Task requirements
Reproduce the listing that follows in full. Omit its images.

Given entries
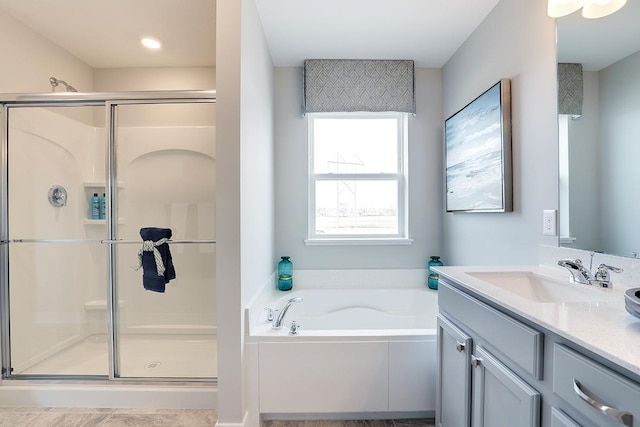 bathroom with vanity and independent shower and bath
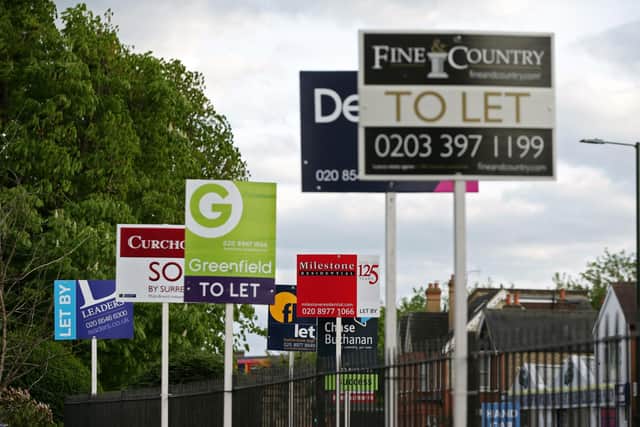 A variety of To Let, Let By and Sold estate agent signs outside houses. PIC: PA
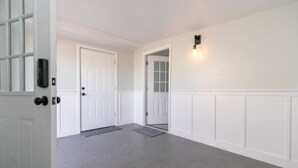 A hallway with white doors and a light fixture on the wall. - Cozy 2bd |10 min to Downtown Denver | Fast Wifi (Denver)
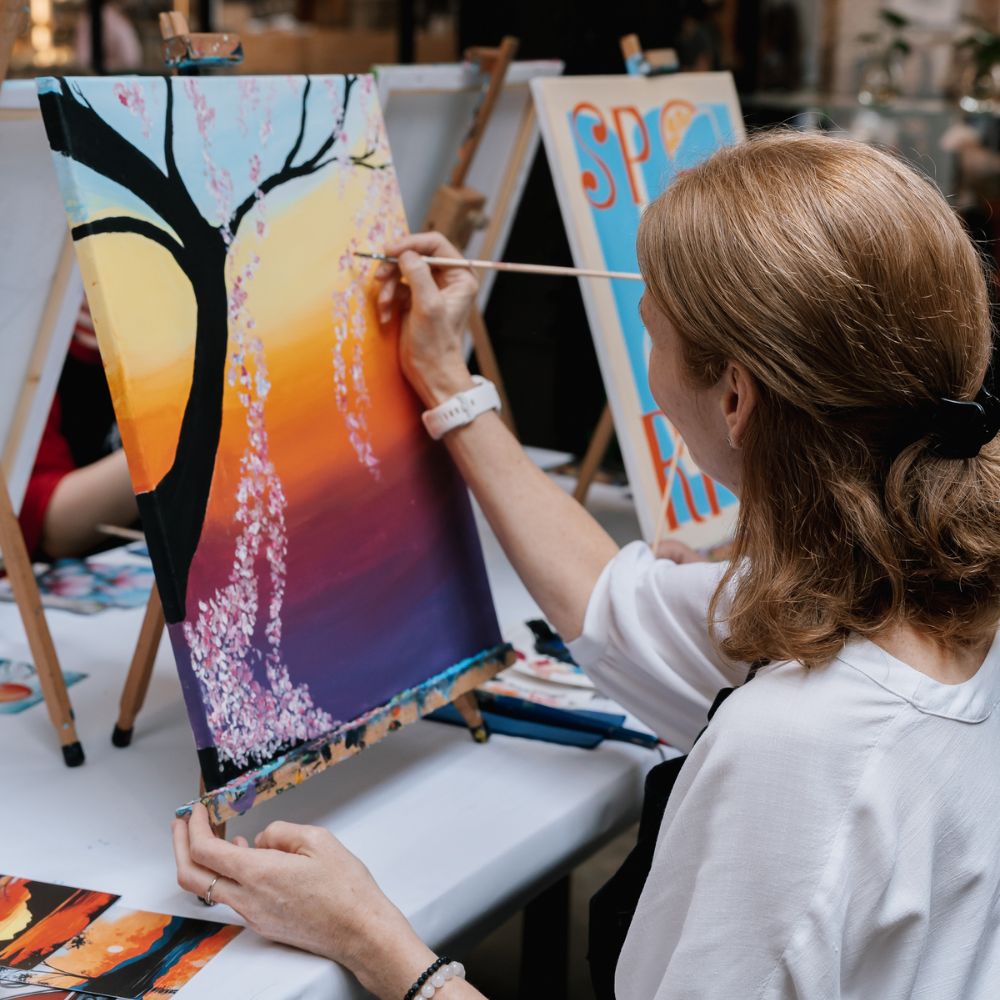 Žena maľuje západ slnka v kurze maľovania ArtMoment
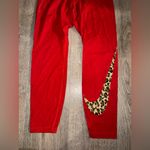 Nike Rare Red  Cheetah Swoosh Pants - Y2K Photo 1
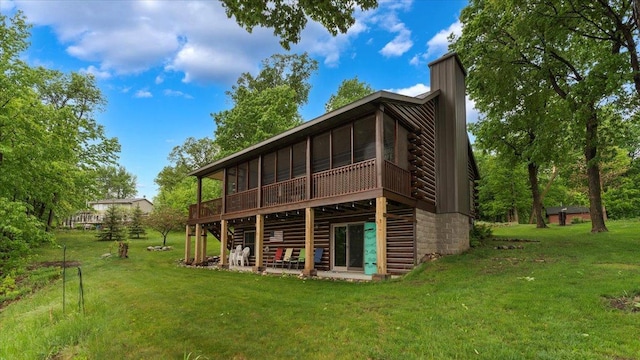 9231 Shady Haven Dr NW, Alexandria, MN 56308 - rear view of house featuring a chimney, a lawn, a wooden deck, and log exterior
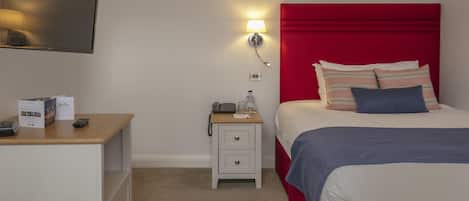 Una habitación de hotel con cama, mesita de noche, lámpara, televisor y escritorio con control remoto.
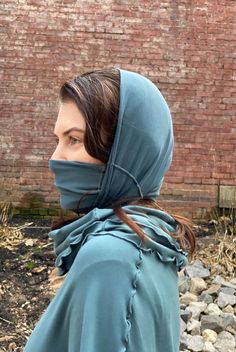 the SOLSTICE is our cozy bamboo neck warmer face cover headscarf or hood known by so many names + uses balacava bally gaiter neckerchief comforting + convenient multifunctional neck and headwear gently shaped to hold securely as a face cover long enough to fold over for double layer fold back over the head for a balaclava achieve a hair cover saharine or hood sustainable breathable and comforting ideal for winter sports as a ski mask twist + double for a cozy beanie wonderful for sensitive skin Cozy Beanie, Hair Cover, Ski Mask, Winter Sports, Face Cover, Neck Warmer, A Face, Head Scarf, Double Layer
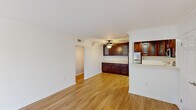 This single-floor, 1-bedroom, 1-bathroom residence offers a practical and comfortable layout across a compact yet efficient footprint. The open-concept living and kitchen area serves as the heart of the unit, featuring warm hardwood-style flooring, crown molding, and a ceiling fan with light fixture that enhances airflow and ambiance. The kitchen is outfitted with rich dark wood cabinetry—including upper glass-paneled cabinets and generous lower storage—complemented by stainless steel appliances including a refrigerator, gas range, and microwave. A peninsula-style counter separates the kitchen from the living area, adding both function and definition to the space. The living room benefits from a sliding glass door and a front entry door with a sidelight window, allowing natural light to fill the room and providing access to the outdoors. The bedroom is a comfortable size, finished with plush carpeting and a window that brings in natural light, along with a dedicated closet for storage. The bathroom is thoughtfully designed with accessibility in mind, featuring grab bars around a full tub and shower, a toilet, and a vanity with a stone-topped counter and dark wood cabinetry. A hallway connects the main living areas to the private spaces, contributing to a well-organized and functional floor plan throughout.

Solution for this task
 bathroom with vanity and independent shower and bath
 A variety of To Let, Let By and Sold estate agent signs outside houses. PIC: PA
 A hallway with white doors and a light fixture on the wall. - Cozy 2bd |10 min to Downtown Denver | Fast Wifi (Denver)
 Žena maľuje západ slnka v kurze maľovania ArtMoment
 Nike Rare Red  Cheetah Swoosh Pants - Y2K Photo 1
 9231 Shady Haven Dr NW, Alexandria, MN 56308 - rear view of house featuring a chimney, a lawn, a wooden deck, and log exterior
 Una habitación de hotel con cama, mesita de noche, lámpara, televisor y escritorio con control remoto.
 the SOLSTICE is our cozy bamboo neck warmer face cover headscarf or hood known by so many names + uses balacava bally gaiter neckerchief comforting + convenient multifunctional neck and headwear gently shaped to hold securely as a face cover long enough to fold over for double layer fold back over the head for a balaclava achieve a hair cover saharine or hood sustainable breathable and comforting ideal for winter sports as a ski mask twist + double for a cozy beanie wonderful for sensitive skin Cozy Beanie, Hair Cover, Ski Mask, Winter Sports, Face Cover, Neck Warmer, A Face, Head Scarf, Double Layer
 This single-floor, 1-bedroom, 1-bathroom residence offers a practical and comfortable layout across a compact yet efficient footprint. The open-concept living and kitchen area serves as the heart of the unit, featuring warm hardwood-style flooring, crown molding, and a ceiling fan with light fixture that enhances airflow and ambiance. The kitchen is outfitted with rich dark wood cabinetry—including upper glass-paneled cabinets and generous lower storage—complemented by stainless steel appliances including a refrigerator, gas range, and microwave. A peninsula-style counter separates the kitchen from the living area, adding both function and definition to the space. The living room benefits from a sliding glass door and a front entry door with a sidelight window, allowing natural light to fill the room and providing access to the outdoors. The bedroom is a comfortable size, finished with plush carpeting and a window that brings in natural light, along with a dedicated closet for storage. The bathroom is thoughtfully designed with accessibility in mind, featuring grab bars around a full tub and shower, a toilet, and a vanity with a stone-topped counter and dark wood cabinetry. A hallway connects the main living areas to the private spaces, contributing to a well-organized and functional floor plan throughout.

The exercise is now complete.